土地活用を一つに決める前に複数案を比較したい方はこちら。



▪️トランクルーム投資に向かないと分かったら、それも調査の成果


需要を調べた結果、

競合が多い。

法的条件が合わない。

造成費が高い。

必要な料金では利用者が集まりにくい。

出口が弱い。

と分かることがあります。

この場合、

「せっかく調べたのに投資できなかった」

と考える必要はありません。

大きなお金を使う前に、成立しにくい計画を止められたこと自体が成果です。

投資では、始める判断だけが正解ではありません。

条件が合わなければ、

今回は見送る。

別の土地を探す。

駐車場と比較する。

土地を売却する。

という判断もできます。

不動産投資そのものを含め、複数の選択肢を比較したい方はこちら。



▪️まとめ|トランクルーム投資は「置いてから考える」とリスクが大きくなる


トランクルーム投資のリスクは、単純に「空室が怖い」という話ではありません。

投資前から、

法的に設置できるか。

事業形態はどうするか。

需要はあるか。

総投資額はいくらか。

何室契約されれば資金が回るか。

管理をどうするか。

最後に撤退できるか。

まで確認します。

特にコンテナ型の場合、

コンテナだから自由に設置できる

と考えないことが重要です。

継続的に倉庫として使用し、随時かつ任意に移動できないコンテナは、一般に建築基準法上の建築物に該当します。(国土交通省)

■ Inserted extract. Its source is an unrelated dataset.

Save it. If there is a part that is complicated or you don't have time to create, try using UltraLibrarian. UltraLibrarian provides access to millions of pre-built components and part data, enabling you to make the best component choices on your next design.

また「トランクルーム」という名称だけでは、倉庫業者が物品を預かるサービスなのか、収納スペースを貸すサービスなのかも分かれます。(国土交通省運輸局)

だから最初に設備を買うのではありません。

法的条件 → 需要 → 総投資額 → 収支 → 運営 → 出口。

この順番で確認します。

トランクルーム投資は、条件の合う土地なら活用方法の一つになります。

しかし、

「アパートより安そう」

「管理が楽そう」

「空いている土地がある」

という理由だけで始めるものでもありません。

始められる土地か。


使ってもらえる施設か。


投資額を回収できるか。


最後にやめられるか。

この4つに答えられる状態を作ってから投資することが、失敗を減らす一番の基本です。